- Hasanabad Location within Iran
- Coordinates: 36°48′25″N 53°08′10″E﻿ / ﻿36.80694°N 53.13611°E
- Country: Iran
- Province: Mazandaran
- County: Miandorud
- District: Goharbaran
- Rural District: Goharbaran-e Shomali

Population (2016)
- • Total: 96
- Time zone: UTC+3:30 (IRST)

= Hasanabad, Miandorud =

Village in Mazandaran province, Iran

Hasanabad (حسن اباد) (Note: Also romanized as Ḩasanābād; also known as Tāzehābād) is a village in Goharbaran-e Shomali Rural District of Goharbaran District in Miandorud County, Mazandaran province, Iran. It is located on the Caspian Sea.

==Demographics==
===Population===
At the time of the 2006 National Census, the village's population was 80 in 20 households, when it was in Rudpey-ye Shomali Rural District (Note: Renamed Farahabad-e Jonubi Rural District) of the Central District in Sari County.
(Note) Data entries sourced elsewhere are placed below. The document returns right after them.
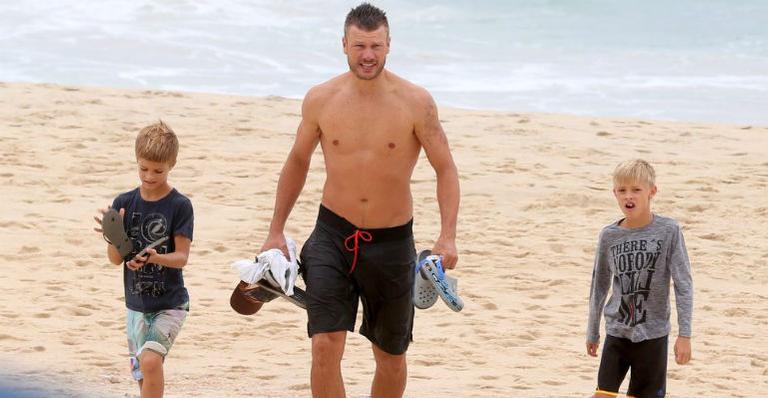Rodrigo Hilbert aproveita praia ao lado dos herdeiros, Francisco e João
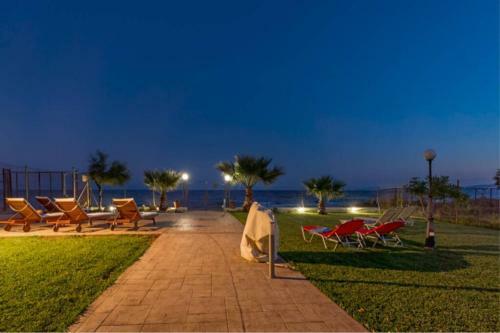 Villa Maria?s Mansion 3 M From The Sea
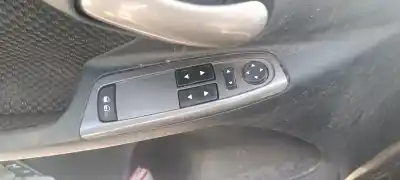 Pezzo di ricambio per auto di seconda mano interruttore alzacristalli anteriore sinistro per fiat stilo (192) 1.9 jtd cat riferimenti oem iam 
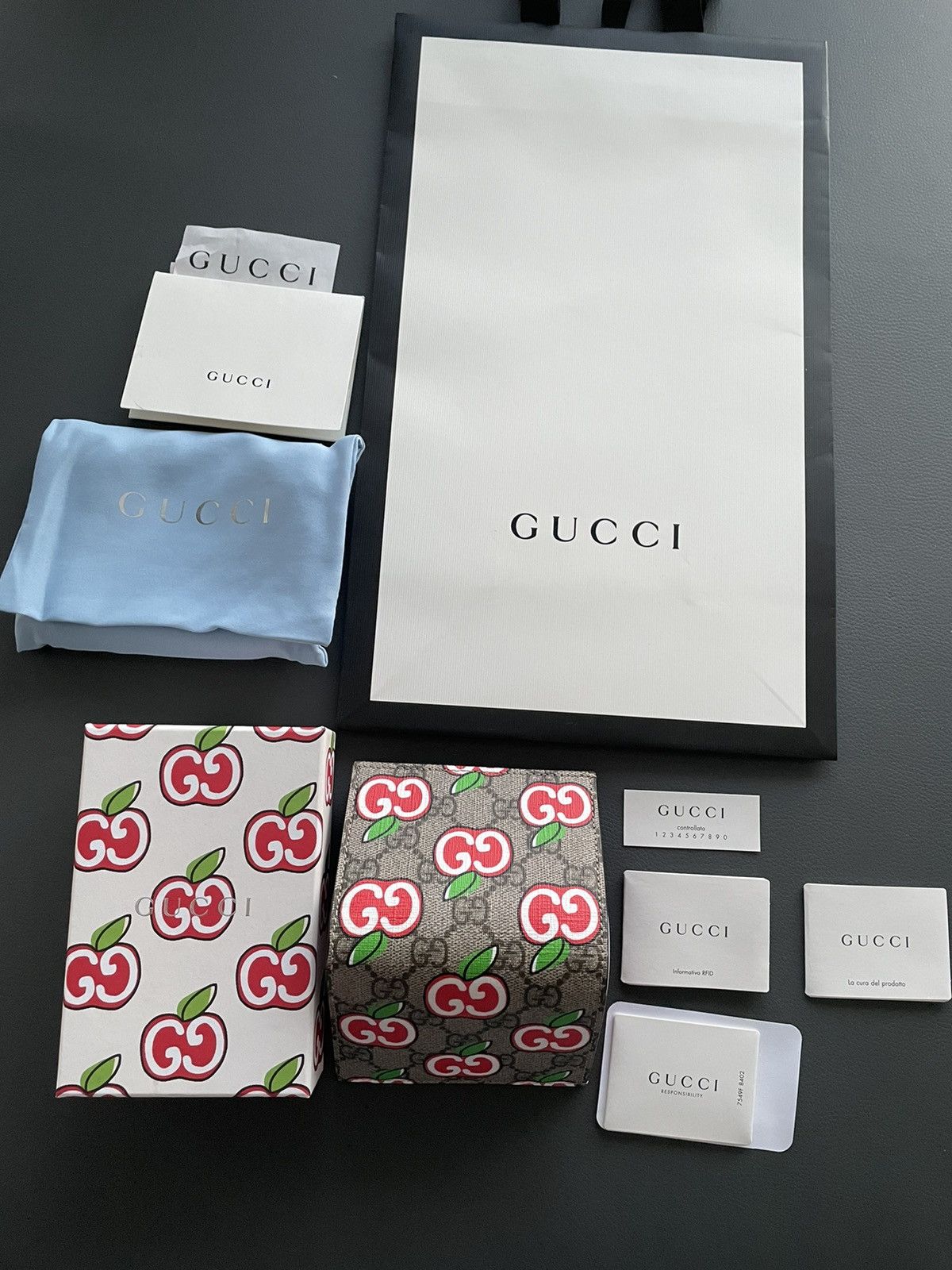 Gucci Rare Brand NEW Super Runway Limited Edition GG Apple Wallet Size ONE SIZE - 19 Thumbnail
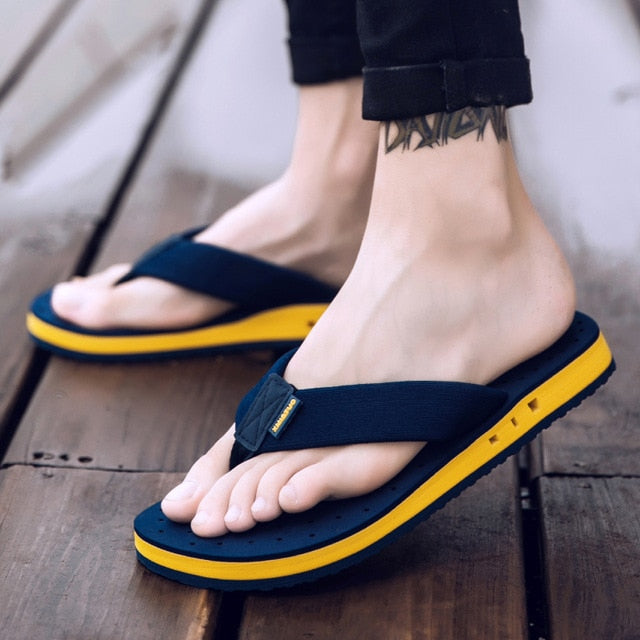XMISTUO Summer Korean big size Tide Slippers Men Non-slip Cool Flip-Flops Breathable Thick-soled Sandals Slippers Toe Sandals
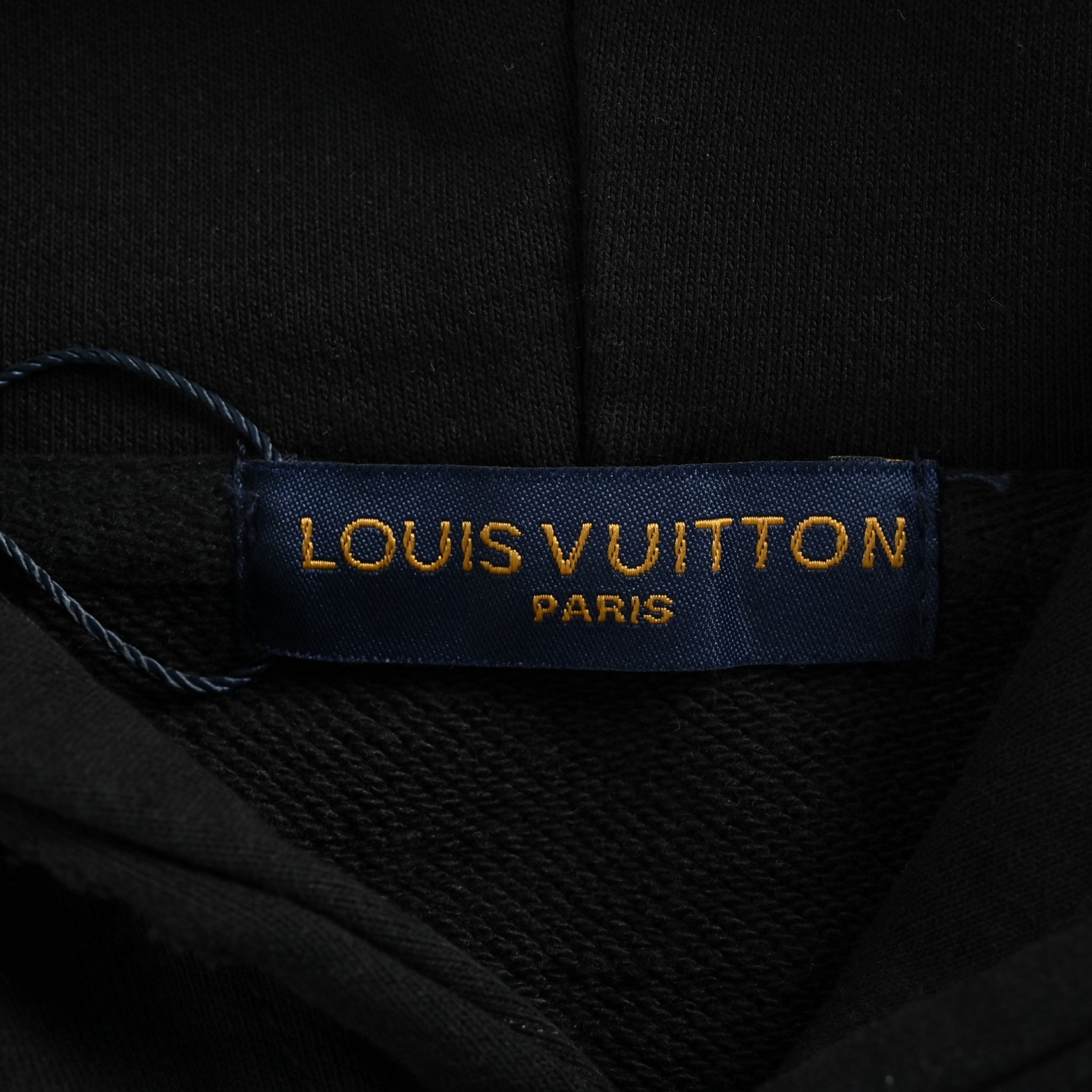 Louis Vuitton/路易威登 牛仔贴布刺绣水洗破洞连帽卫衣 水洗黑 水洗白-莆田鞋,莆田鞋货源,高仿鞋,高仿鞋货源,安福档口,莆田高仿鞋,莆田鞋批发,高仿鞋批发,莆田高仿运动鞋,高仿运动鞋,莆田运动鞋 Louis Vuitton/路易威登 牛仔贴布刺绣水洗破洞连帽卫衣 水洗黑 水洗白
The following census in 2011 counted 95 people in 40 households, by which time the rural district had been separated from the district in the formation of Rudpey-ye Shomali District and renamed Farahabad-e Shomali Rural District. Hasanabad was separated from the county in the establishment of Miandorud County and transferred to Goharbaran-e Shomali Rural District created in the new Goharbaran District. The 2016 census measured the population of the village as 96 people in 35 households.